I’m pretty thorough when it comes to backups — even text messages. It’s free, it’s easy and I never worry about losing memories, pictures, recipes or any important messages. I don’t have to “star” or “lock” any text messages for saving because they’re all backed up to the cloud automatically.
I’m going to show you how to backup contacts and text messages on Android in this article. I’ve used both Android and iPhone devices and several different methods to backup my data. I use SMSBackup+ on Android to backup my messages to Gmail, and I’ll show you how to do the same here. I’ll also touch on some of the other apps available in the Play Store, in case you’d rather have your backups on an SD card or another cloud solution.
I’ll briefly cover exporting messages yourself, in case you want to learn how to backup text messages on Android without an app. It’s possible, but depends on the user’s phone and version of Android — some versions do not allow users to import/export messages to an SD card.
How to Backup Text Messages on Android Without an App
Since some users may not want to install an app, I’ll show you how to backup text messages on Android to an SD card. Ideally, you would do this twice, storing one SD card in a safe place in case you lose the other.
This process will be tedious if you’re backing up more than a few messages. You’ll have to open the message you want to backup and tap the “options” or “menu” button on your screen. Look for an option that says “save” or “export” and select your SD card.
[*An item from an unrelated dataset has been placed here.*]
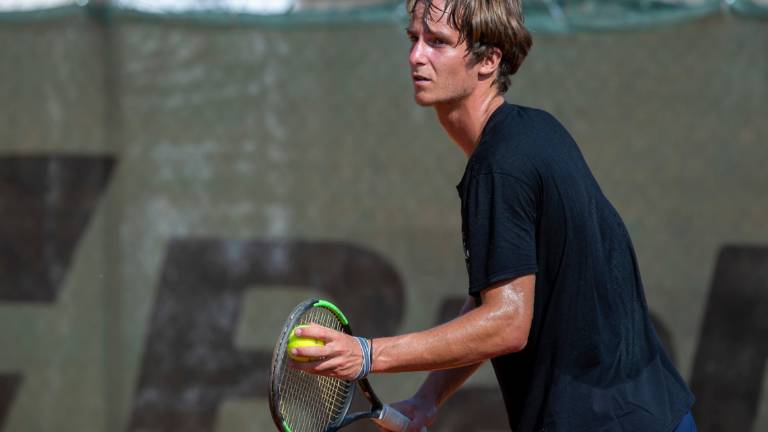 Tennis, Vianello e Perfetti in semifinale nell'Open del Tre Colli Brisighella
Again, you’ll have to repeat this for each message you want to save. Save yourself the time by installing and using one of the apps mentioned here. I’ll show you how to backup text messages on Android to a computer or SD card as well as the cloud.
What You’ll Need
You’ll need access to one of the apps below:
All of these apps are available in the Google Play Store. If for some reason you can’t access the store, SMSBackup+ provides a QR code you can scan to install the app.
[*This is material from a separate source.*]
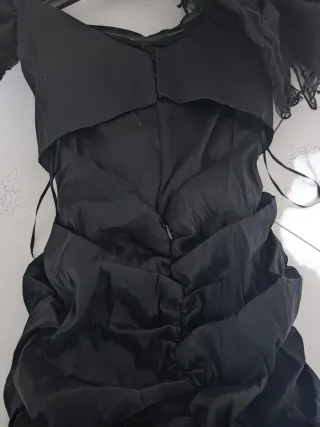 Vestido negro Halloween volantes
You’ll also need a location to store your new backups, such as an SD card, a computer/laptop or cloud storage, including Gmail.
I use SMSBackup+ and Gmail, but you can use whatever you prefer — in this article you’ll learn how to backup text messages on Android to a Mac, PC, or SD card. You can also use a different email provider, as long as they support IMAP.
The main benefit of the cloud is that I can access my messages from any device, and I don’t have to carry an SD card or flash drive around with me. It’s a good idea to keep a local, offline copy, but cloud backups have been a godsend in my experience.
How to Backup Text Messages on an Android Phone
Once you’ve settled on an app and a location to store your data, you’re ready to begin backing up your messages. I focus on SMSBackup+ here but afterwards I’ll touch on two of the other apps I mentioned earlier.
Step 1. Enable IMAP in your Gmail settings.
Step 2. Tap “connect” to login to Gmail. Newer versions of Android may present a list of your Google accounts, while older versions of Android may require you to login and grant SMSBackup+ access to your emails.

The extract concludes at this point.